VALÈNCIA. Un perro de esos con el cuello como un cañón, uno de esos chuchos que dan miedo, ladra y aúlla, como intentando llamar la atención y dar pena, dentro de una jaula. Julio lo ha encerrado por la visita. Los dos están nerviosos. Él tiene ganas de contar cosas, de abrir su corazón, de ser sincero, y eso tiene una factura emocional. La casa, en el corazón de la Calderona, rodeada de naturaleza, huele a incienso. Julio coge una botella de la nevera y sirve un batido hecho con pomelo, jengibre y piña. Luego saca unos sillones al jardín, los coloca debajo de un árbol, una falsa pimienta, y nos regala una pulsera. Entonces se sienta, cruza las piernas y dice: “Cuando quieras”.
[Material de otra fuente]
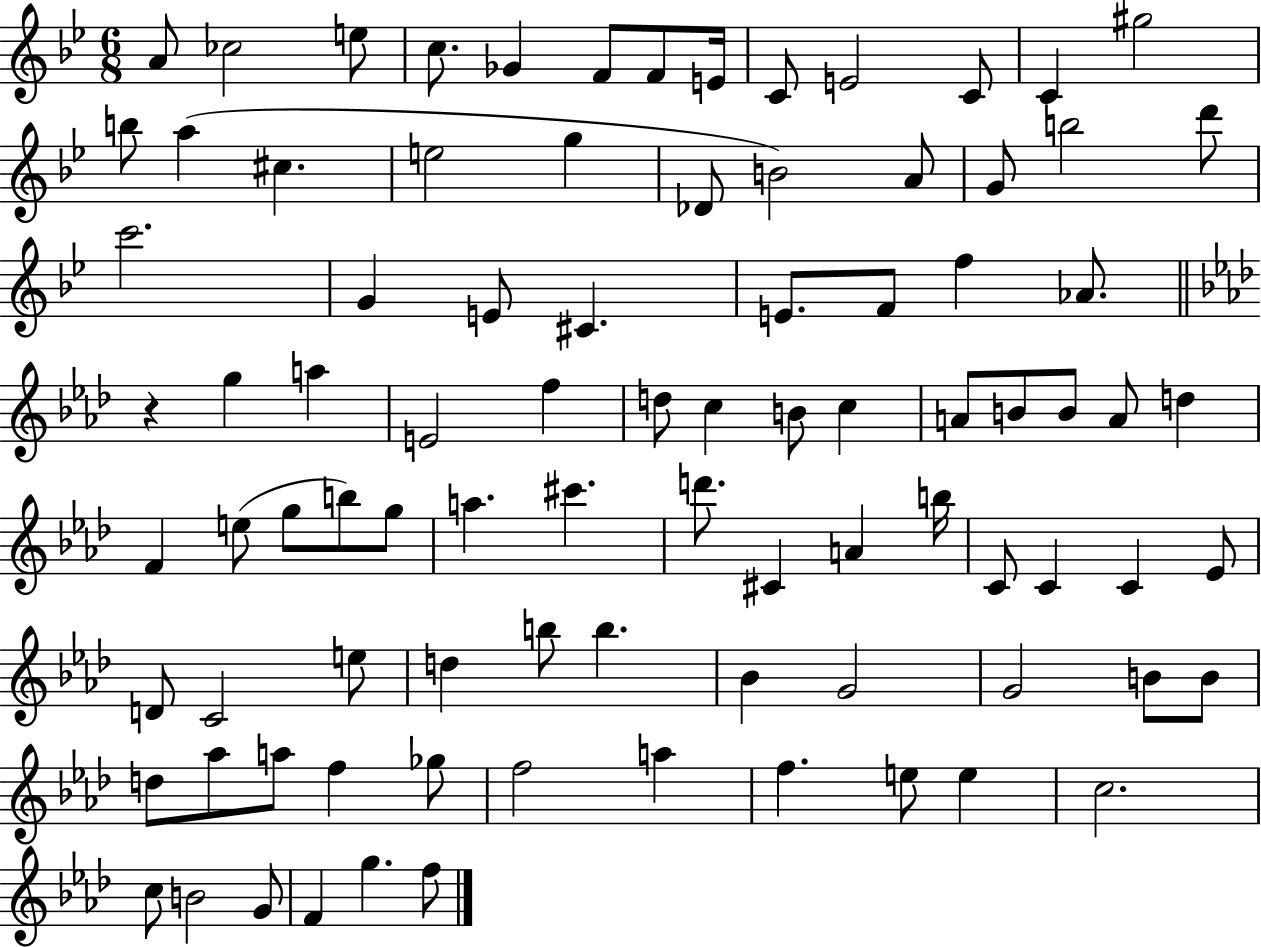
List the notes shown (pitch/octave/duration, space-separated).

A4/e CES5/h E5/e C5/e. Gb4/q F4/e F4/e E4/s C4/e E4/h C4/e C4/q G#5/h B5/e A5/q C#5/q. E5/h G5/q Db4/e B4/h A4/e G4/e B5/h D6/e C6/h. G4/q E4/e C#4/q. E4/e. F4/e F5/q Ab4/e. R/q G5/q A5/q E4/h F5/q D5/e C5/q B4/e C5/q A4/e B4/e B4/e A4/e D5/q F4/q E5/e G5/e B5/e G5/e A5/q. C#6/q. D6/e. C#4/q A4/q B5/s C4/e C4/q C4/q Eb4/e D4/e C4/h E5/e D5/q B5/e B5/q. Bb4/q G4/h G4/h B4/e B4/e D5/e Ab5/e A5/e F5/q Gb5/e F5/h A5/q F5/q. E5/e E5/q C5/h. C5/e B4/h G4/e F4/q G5/q. F5/e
La fecha de esta entrevista no es casual. Julio Lorenzo ha elegido el 14 de junio, el día de su cumpleaños, el día que alcanza los cincuenta años. Ha llegado al medio siglo tras enderezar el rumbo. Antes, anduvo muchos años, demasiados, a la deriva. Y el origen de todos esos años de dolor puede estar en su confuso origen. Porque Julio es negro y es adoptado. Y le tocó ser un niño negro en los años 70, cuando en València un negro era algo tan exótico como un tigre albino.
Un día, siendo un chaval, fue a los Dominicos, donde estudiaba su primo Carlos, y cuando entró en el patio, se hizo el silencio. Los niños se quedaron sin habla, como si hubieran visto una aurora boreal por primera vez. “Pues esto era mi día a día”, concede sin aparente acritud.